** Recorded information follows **
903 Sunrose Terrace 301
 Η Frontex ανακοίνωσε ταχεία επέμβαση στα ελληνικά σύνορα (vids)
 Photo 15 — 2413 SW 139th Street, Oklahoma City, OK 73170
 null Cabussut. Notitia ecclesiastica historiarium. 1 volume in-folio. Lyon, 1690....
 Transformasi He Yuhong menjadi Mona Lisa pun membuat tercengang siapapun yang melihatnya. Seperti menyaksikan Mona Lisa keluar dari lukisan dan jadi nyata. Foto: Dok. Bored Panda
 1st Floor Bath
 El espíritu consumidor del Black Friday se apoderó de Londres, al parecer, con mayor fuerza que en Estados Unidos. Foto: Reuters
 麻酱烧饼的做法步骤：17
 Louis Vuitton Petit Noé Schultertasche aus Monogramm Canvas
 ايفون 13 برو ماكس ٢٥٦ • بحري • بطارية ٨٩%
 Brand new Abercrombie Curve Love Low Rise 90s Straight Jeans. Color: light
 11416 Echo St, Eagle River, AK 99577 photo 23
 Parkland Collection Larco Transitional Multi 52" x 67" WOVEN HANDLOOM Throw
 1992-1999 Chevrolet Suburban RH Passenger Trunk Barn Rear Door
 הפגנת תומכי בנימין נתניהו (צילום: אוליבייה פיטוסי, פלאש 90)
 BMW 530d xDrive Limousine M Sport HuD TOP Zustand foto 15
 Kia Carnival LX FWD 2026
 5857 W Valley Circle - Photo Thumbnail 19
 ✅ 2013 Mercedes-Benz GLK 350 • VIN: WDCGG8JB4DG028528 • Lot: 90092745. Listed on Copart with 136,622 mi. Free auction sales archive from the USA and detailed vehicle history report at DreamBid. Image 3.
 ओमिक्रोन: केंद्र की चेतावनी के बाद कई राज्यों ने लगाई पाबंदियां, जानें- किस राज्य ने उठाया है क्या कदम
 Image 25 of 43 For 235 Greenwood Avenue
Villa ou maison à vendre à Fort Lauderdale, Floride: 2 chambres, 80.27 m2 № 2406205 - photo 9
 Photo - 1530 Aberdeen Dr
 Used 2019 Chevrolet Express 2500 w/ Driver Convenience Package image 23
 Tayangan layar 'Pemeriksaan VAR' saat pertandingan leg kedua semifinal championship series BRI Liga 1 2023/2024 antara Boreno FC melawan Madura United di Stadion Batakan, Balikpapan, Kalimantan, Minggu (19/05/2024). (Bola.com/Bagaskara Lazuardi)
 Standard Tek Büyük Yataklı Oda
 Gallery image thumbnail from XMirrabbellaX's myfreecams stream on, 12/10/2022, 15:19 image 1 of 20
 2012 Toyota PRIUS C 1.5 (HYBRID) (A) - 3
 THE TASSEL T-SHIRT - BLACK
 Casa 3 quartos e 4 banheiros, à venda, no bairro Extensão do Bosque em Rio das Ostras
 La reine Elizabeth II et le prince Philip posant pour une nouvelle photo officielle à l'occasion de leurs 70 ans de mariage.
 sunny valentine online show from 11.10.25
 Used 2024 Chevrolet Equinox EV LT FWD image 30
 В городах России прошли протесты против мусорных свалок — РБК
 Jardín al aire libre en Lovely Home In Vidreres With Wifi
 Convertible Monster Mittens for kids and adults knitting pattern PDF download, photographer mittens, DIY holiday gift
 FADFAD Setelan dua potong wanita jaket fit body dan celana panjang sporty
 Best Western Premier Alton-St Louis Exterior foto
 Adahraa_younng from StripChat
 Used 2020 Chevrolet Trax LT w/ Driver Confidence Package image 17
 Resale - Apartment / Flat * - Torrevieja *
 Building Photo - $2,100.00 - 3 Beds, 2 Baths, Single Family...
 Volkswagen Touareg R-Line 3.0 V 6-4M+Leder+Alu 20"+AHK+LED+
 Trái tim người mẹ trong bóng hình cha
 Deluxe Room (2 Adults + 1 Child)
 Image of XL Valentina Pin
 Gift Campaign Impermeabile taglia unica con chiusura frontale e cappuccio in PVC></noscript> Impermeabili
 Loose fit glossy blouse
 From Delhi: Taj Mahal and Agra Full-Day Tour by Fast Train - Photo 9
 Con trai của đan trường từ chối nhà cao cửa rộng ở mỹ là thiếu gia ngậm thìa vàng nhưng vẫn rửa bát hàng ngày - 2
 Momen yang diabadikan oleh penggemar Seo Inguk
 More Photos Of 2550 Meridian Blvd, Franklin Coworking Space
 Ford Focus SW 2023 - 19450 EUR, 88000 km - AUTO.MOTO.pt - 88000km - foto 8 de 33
** End of Recorded information **
Say how many lines in the records contain the string "Package", and say nothing else.

#### Answer to this exercise
2